You make some interesting and valid points; some that I have been mulling over in my mind in the last few weeks.
Some further comments:
1) that if the Perkins Bacon records say the plate was not registered then surely no registration sheets would have been printed.
Yes, there had to be. Ormond Hill had to be looking at something in order to determine that the plate was not laid down properly for perforating. If he did not have a printed sheet in front of him, then the only other way he could have decided this is if he had gone to Perkins Bacon and viewed the actual plate - from which it would have been significantly more difficult to make this determination. It is well documented that sheets were pulled off new plates, prior to them being registered, for submission to Somerset House.
4) far easier to change a 177 to a 77 which is often done.
easily debunked as faked, see here (about two thirds down):
The only way would be to alter the plate by hand which would not be difficult for a skilled engraver
I do not believe this could be achieved by hand recutting; there is far too much steel that would need to be repositioned (so to speak) to change a 3 to a 7 for it to have been an operation by hand. And then hand cutting them back to a 3 after the error was realised....almost impossible in my opinion. Much more likely, if one subscribes to this theory, that the original roller for 77 was employed.
I understand the plate underwent repairs towards the end of its life.
Correct. The operative words here being 'towards the end of its life'. The Perkins Bacon records confirm plate 73 went for repair on 31 Jan 1868, when 67 'heads' were re-entered. The subject cover is dated 1865. If such an operation occurred, it must have been very early in the life of 73 as it was put to press on 1 March 1864.
I assume the plate 77 stamp brought around to you, was lettered LL and owned by a collector whose initials are JP? If so, the RPSL cert is dated 14 Dec 1914 and numbered 4900. As you imply, I wonder if such scrutiny of these was around then, and if it's really a 77 at all!
The theory that an error occurred in an operation of some sort on plate 73, and that this was noticed quickly and corrected, is of course entirely plausible at first look. However I believe two things militate against this being possible:
1. For the number known to have survived, the number of sheets printed before correction of such an error must have been extremely
small. Certainly less than 50, probably less than 20, even less than 10. I'm not sure I believe this is possible.
2. I have been told, but have not seen, that stamp BA of plate 73 has different checkletter positions to the plate 77 BA in the British Library - a scan of which is posted earlier in this topic. Graham, if you have a copy of stamp BA plate 73, perhaps you could post a nice big scan please to confirm this.

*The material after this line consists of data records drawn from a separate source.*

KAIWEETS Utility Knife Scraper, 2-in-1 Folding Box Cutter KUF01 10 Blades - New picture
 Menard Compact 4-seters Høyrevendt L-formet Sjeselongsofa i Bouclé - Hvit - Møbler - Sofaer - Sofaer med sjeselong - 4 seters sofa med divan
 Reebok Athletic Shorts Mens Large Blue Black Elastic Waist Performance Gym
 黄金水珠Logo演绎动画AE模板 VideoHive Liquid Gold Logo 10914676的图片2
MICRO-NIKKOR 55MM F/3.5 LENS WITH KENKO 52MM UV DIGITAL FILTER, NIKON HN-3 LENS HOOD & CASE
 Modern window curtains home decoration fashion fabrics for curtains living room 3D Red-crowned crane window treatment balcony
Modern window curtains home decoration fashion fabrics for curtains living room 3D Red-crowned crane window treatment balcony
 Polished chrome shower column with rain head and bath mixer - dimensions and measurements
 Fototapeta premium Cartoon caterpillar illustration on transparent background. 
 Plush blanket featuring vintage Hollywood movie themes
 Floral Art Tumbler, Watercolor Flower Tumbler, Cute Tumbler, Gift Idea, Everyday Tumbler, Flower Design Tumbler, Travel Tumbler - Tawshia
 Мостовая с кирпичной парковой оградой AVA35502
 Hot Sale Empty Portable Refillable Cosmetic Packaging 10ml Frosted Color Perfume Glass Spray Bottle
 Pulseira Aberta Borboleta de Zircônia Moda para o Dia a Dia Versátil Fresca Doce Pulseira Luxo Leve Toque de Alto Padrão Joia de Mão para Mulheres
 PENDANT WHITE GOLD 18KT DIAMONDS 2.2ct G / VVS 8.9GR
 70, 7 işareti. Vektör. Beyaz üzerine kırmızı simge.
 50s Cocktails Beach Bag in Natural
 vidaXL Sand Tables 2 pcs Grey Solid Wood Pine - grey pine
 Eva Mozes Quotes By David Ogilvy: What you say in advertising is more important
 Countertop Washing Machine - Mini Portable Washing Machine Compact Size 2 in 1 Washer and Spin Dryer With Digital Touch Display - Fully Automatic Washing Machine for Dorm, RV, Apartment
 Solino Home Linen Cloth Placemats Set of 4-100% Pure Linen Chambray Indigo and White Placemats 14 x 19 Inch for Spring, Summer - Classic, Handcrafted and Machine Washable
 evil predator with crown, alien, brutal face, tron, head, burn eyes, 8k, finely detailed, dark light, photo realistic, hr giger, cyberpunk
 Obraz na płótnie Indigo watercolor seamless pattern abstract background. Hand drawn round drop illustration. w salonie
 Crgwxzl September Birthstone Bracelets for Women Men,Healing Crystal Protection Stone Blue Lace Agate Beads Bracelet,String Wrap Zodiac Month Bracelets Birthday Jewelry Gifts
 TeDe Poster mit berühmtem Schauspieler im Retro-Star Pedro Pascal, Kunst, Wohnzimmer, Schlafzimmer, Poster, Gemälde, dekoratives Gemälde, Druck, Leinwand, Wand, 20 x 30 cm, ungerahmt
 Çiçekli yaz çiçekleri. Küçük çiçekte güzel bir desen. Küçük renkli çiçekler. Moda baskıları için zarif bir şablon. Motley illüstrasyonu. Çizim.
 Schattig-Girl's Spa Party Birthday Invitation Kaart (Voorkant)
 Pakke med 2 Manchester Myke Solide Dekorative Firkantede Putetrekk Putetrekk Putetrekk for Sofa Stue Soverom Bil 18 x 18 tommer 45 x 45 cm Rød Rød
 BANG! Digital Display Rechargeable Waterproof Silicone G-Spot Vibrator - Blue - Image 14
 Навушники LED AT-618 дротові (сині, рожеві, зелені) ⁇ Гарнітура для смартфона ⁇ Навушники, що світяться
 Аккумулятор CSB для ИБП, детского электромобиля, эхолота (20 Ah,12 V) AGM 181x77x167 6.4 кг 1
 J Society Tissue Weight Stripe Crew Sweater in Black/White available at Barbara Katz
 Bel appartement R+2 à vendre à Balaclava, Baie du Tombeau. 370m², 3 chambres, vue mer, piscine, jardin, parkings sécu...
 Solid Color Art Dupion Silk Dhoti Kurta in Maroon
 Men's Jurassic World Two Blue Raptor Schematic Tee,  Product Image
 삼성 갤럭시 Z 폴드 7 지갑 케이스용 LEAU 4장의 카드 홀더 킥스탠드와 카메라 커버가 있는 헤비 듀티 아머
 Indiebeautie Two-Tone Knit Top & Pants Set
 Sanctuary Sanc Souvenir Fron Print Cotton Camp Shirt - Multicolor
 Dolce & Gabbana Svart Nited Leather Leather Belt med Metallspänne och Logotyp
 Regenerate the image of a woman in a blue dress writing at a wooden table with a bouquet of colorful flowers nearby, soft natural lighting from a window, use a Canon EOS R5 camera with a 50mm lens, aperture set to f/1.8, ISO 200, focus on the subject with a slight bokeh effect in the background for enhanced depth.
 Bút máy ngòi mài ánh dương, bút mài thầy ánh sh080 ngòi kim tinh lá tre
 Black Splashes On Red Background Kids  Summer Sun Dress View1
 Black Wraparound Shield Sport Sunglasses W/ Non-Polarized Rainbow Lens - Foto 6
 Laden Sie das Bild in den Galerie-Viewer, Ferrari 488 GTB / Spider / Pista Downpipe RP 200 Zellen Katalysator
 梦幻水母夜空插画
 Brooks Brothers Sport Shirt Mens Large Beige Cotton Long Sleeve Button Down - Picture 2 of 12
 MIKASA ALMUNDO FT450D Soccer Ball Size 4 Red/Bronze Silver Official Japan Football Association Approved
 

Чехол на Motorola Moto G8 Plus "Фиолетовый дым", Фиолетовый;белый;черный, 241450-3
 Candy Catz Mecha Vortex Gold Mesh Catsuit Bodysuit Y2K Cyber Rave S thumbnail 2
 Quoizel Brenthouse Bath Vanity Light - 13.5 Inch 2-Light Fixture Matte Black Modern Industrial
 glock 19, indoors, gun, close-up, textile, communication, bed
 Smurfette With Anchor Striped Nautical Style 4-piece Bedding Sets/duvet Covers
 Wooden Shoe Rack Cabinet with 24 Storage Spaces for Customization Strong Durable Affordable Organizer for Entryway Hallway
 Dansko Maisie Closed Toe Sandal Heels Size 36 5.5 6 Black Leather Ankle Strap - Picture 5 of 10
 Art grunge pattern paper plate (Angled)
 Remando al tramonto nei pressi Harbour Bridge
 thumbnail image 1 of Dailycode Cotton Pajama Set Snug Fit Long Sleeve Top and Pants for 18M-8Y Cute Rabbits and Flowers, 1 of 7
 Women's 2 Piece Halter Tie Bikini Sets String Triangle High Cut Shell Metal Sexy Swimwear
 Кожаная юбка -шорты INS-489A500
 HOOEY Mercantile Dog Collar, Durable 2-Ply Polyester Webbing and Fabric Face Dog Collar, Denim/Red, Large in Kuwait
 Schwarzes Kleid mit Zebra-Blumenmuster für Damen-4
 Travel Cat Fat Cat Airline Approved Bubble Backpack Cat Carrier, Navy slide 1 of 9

If what I have been told is correct, then the scenario of a quickly corrected error must
have happened to (at least) two plates. This of course, makes this unlikely series of events doubly unlikely than it already was! Nevertheless, as I have always said, and as you ask, I keep an open mind; but it must be shown what other plate every accepted/currently known plate 77 is from
, by reference to the checkletters. I would assume this will be covered in the next part of the article.
What if all these numbers were created deliberately from a few impressions on retiring plates so that someone could have a complete set of numbers. After all I am led to believe that the 1d plate printed in black was done for young Royal collectors.......
I am certain that I have read details of where George V bought his plate 77. If the above is so, and some were created for Royal collectors: 1) Why did George need to buy his? and 2) Why are the other unregistered plates not in the Royal Collection as well?
I know that my earlier posts on this topic have been quite negative, perhaps even overly so. The position of devil's advocate must surely be played here. I'm sure Abed knew he would come in for criticism - it's all part of the process.
One final word, that believe it or not, may actually help Abed's case. Has he seen the short article in the GBPS Newsletter of May/June 2002, where a collector shows a stamp that has - as clear as day, no question about it - plate 194 on the right side and 104 on the left? And the reply in the next issue from another collector, who went through all his plate 104s and 194s and found that quite a few of the 194s also had this? As I say - could help Abed's case. Or could simply prove that the 'plate 70' you know of in Spain is just a 76 or 79.